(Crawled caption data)
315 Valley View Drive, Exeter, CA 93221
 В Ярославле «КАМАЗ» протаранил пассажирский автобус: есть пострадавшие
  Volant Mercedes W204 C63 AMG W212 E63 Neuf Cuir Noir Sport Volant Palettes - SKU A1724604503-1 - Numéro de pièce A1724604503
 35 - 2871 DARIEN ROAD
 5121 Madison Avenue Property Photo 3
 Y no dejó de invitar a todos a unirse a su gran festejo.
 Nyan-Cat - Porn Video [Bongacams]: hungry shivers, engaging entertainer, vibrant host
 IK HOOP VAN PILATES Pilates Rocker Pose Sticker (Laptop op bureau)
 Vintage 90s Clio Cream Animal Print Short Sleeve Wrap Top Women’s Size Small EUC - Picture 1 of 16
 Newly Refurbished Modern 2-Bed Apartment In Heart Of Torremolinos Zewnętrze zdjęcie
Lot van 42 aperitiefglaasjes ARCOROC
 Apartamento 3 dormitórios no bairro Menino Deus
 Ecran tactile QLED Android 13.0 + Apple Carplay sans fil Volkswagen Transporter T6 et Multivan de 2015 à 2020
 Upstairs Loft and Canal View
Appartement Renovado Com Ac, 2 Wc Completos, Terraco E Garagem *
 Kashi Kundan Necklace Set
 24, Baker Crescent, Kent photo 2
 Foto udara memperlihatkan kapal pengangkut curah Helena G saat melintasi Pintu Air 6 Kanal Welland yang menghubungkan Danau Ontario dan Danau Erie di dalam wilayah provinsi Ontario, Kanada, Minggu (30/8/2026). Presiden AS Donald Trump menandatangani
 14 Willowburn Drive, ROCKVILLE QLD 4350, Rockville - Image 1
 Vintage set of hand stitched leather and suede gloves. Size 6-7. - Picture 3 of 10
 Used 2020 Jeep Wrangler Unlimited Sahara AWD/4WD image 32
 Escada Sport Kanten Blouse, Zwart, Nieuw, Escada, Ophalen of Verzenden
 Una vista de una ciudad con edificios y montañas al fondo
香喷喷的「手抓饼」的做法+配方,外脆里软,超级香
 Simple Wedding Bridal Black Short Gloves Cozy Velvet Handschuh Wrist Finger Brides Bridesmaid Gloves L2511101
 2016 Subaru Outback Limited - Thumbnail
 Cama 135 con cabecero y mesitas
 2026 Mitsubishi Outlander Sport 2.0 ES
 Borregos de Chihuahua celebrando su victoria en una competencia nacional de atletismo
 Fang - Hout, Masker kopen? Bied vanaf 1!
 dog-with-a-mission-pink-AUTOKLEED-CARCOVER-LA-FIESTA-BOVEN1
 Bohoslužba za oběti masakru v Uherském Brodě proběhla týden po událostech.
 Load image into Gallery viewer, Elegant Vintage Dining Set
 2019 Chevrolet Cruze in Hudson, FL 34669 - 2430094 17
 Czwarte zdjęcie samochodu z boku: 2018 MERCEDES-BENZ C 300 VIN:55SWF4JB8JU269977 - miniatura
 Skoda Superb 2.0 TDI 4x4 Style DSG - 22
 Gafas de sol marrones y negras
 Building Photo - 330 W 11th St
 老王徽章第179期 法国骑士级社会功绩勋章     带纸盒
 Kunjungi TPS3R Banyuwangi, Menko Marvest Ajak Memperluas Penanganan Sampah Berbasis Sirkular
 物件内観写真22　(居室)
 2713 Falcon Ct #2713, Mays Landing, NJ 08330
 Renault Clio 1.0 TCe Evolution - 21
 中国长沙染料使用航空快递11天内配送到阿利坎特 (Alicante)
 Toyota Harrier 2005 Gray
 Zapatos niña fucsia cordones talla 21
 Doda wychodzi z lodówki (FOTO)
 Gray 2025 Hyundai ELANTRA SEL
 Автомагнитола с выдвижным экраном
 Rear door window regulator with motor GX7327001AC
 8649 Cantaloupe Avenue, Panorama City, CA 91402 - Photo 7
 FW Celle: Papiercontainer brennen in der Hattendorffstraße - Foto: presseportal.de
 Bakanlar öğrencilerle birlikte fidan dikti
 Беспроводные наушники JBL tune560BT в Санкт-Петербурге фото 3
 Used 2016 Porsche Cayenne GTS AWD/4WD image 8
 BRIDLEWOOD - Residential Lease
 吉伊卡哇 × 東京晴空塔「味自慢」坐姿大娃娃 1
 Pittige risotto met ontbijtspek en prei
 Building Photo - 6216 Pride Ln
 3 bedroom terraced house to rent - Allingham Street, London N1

> [Assignment]
Copy out each line of the data above, exactly, if it lies between the line holding "Appartement Renovado Com" and the line holding "Vintage set of", inclusive; copy no other line.

> [Solution to this problem]
Appartement Renovado Com Ac, 2 Wc Completos, Terraco E Garagem *
 Kashi Kundan Necklace Set
 24, Baker Crescent, Kent photo 2
 Foto udara memperlihatkan kapal pengangkut curah Helena G saat melintasi Pintu Air 6 Kanal Welland yang menghubungkan Danau Ontario dan Danau Erie di dalam wilayah provinsi Ontario, Kanada, Minggu (30/8/2026). Presiden AS Donald Trump menandatangani
 14 Willowburn Drive, ROCKVILLE QLD 4350, Rockville - Image 1
 Vintage set of hand stitched leather and suede gloves. Size 6-7. - Picture 3 of 10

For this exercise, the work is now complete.